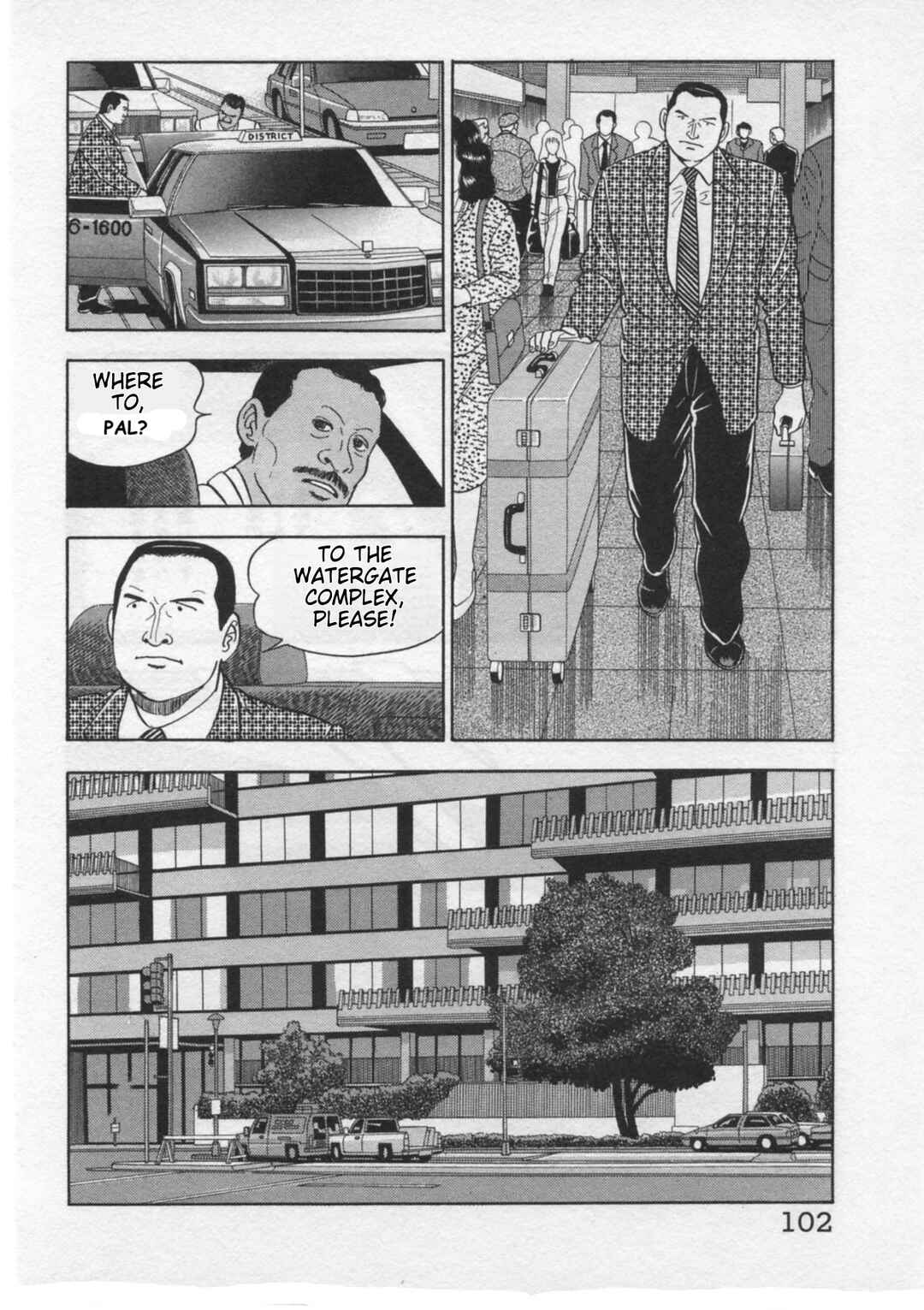 Kaji Ryuusuke's Agenda Chapter 30 - Page 3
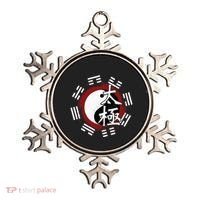 Spiritual Yin Yang Tai Chi Master Mind Body Wellness Ornament thumb 0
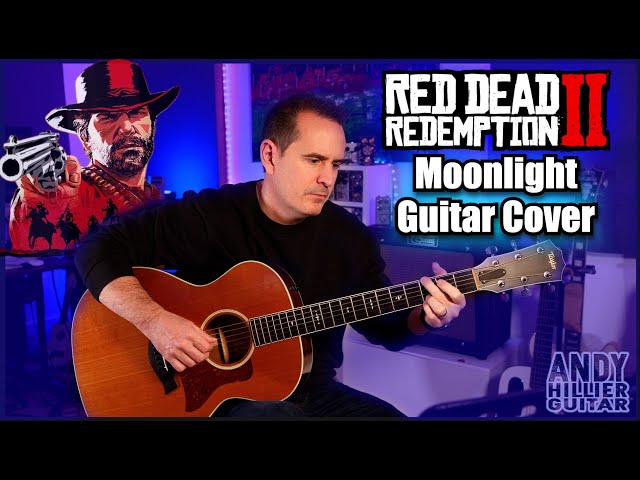 Red Dead Redemption 2 Moonlight Guitar Cover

→ **Work instructions**
Output the complete listing exactly as it appears, except for the images.

→ **Output**
 Kaji Ryuusuke's Agenda Chapter 30 - Page 3
 Spiritual Yin Yang Tai Chi Master Mind Body Wellness Ornament thumb 0
 Red Dead Redemption 2 Moonlight Guitar Cover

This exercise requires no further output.